On the average of electrostatic and magnetostatic fields, the singularities of dipole fields and depolarizing fields

TL;DR

This paper simplifies the proof of a classical theorem on the average of electrostatic and magnetostatic fields over spherical and ellipsoidal volumes, clarifying the relation between dipole singularities and depolarizing fields, and extending it to anisotropic media.

Contribution

It provides a simple proof of the average field theorem using reciprocity and extends the theorem to ellipsoidal volumes and anisotropic media.

Findings

Simplified proof of the average field theorem using reciprocity.

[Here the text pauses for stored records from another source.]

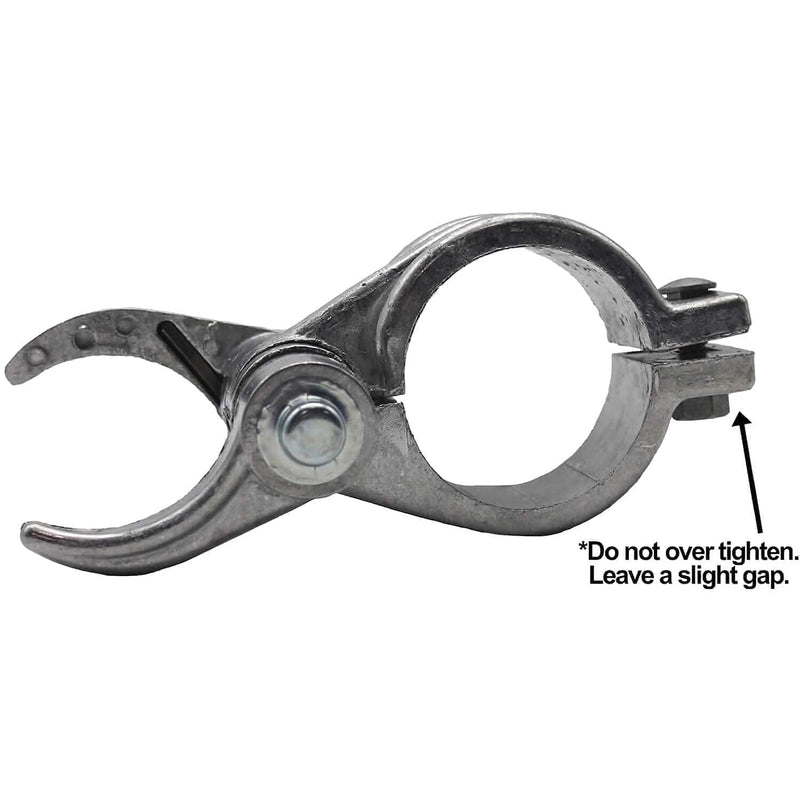 1-7/8" (2") x 1-3/8" Durable Chain Link Spring Loaded Gate Closer. 1-7/8" x 1-3/8" Each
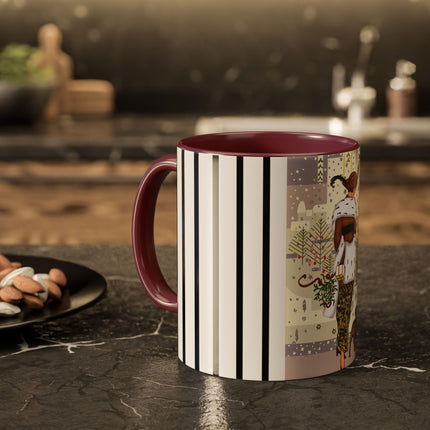 Wrapped in Elegance Colorful Mugs (11oz, 15oz)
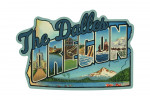 The Dalles, Oregon - Large Letter Scenes - Contour - Lantern Press Artwork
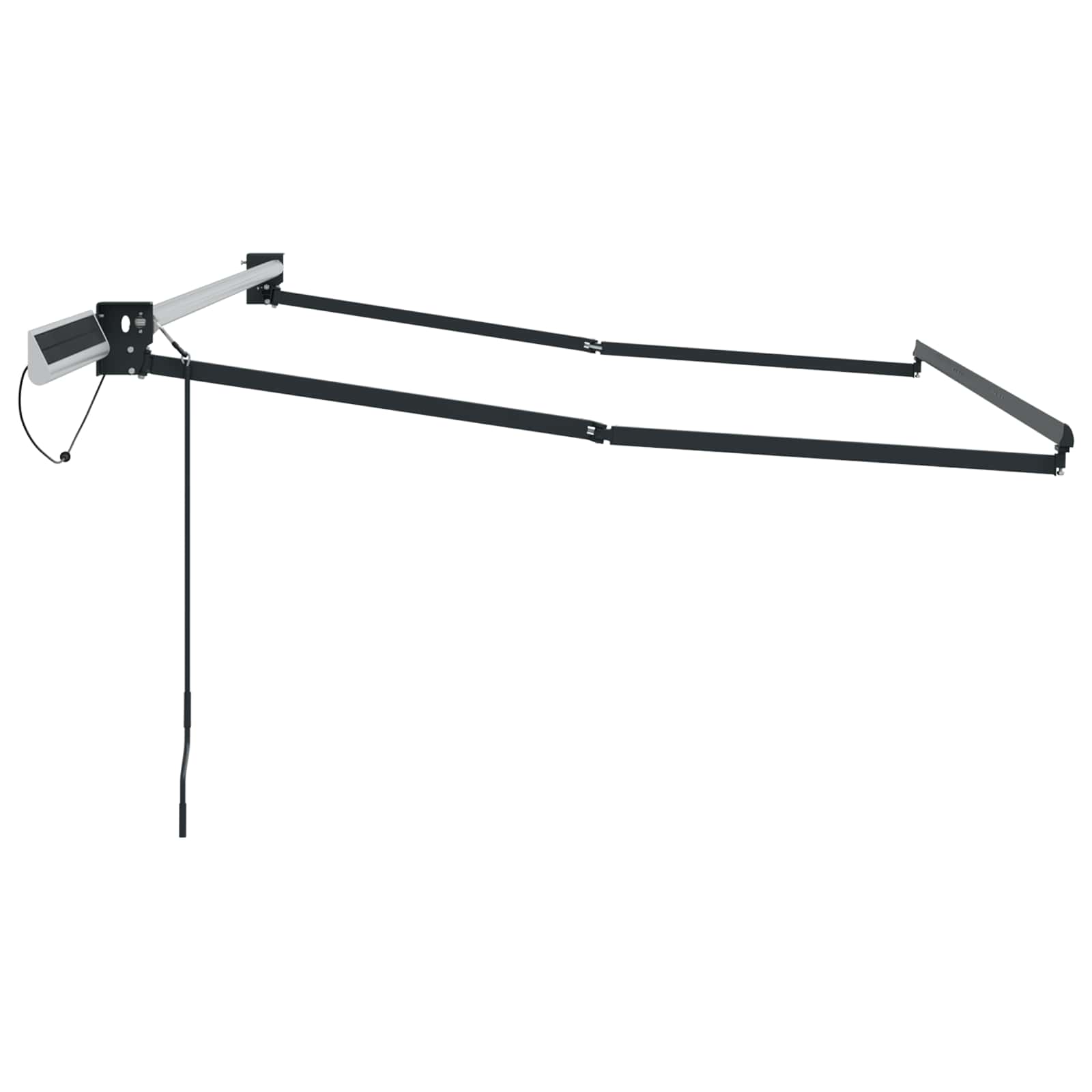 Elektrisch uitschuifbaar zonnescherm frame Antracietkleurig is nu te koop bij PeponiXL, paradijselijk wonen!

Extension of the theorem to ellipsoidal volumes.

Extension of the theory to anisotropic media.

Abstract

In "Classical Electrodynamics" (Jackson) a theorem is proved on the average of an electrostatic or magnetostatic field over a spherical volume. The proof of the theorem is based on an expansion in spherical harmonics and it is useful for deriving the singular behaviour of dipole fields. In this paper we give a simple proof of this theorem, the key element being to use reciprocity. The method also highlights the relation between the dipole singularity and the depolarizing field of a sphere, which is thus also found very easily. In addition this link enables us to extend the theorem to a more general ellipsoidal volume. Unfortunately one can only prove the existence of the depolarizing tensor in this way and one still needs another method for actually calculating the tensor. Finally the theory is also extended to an anisotropic background medium.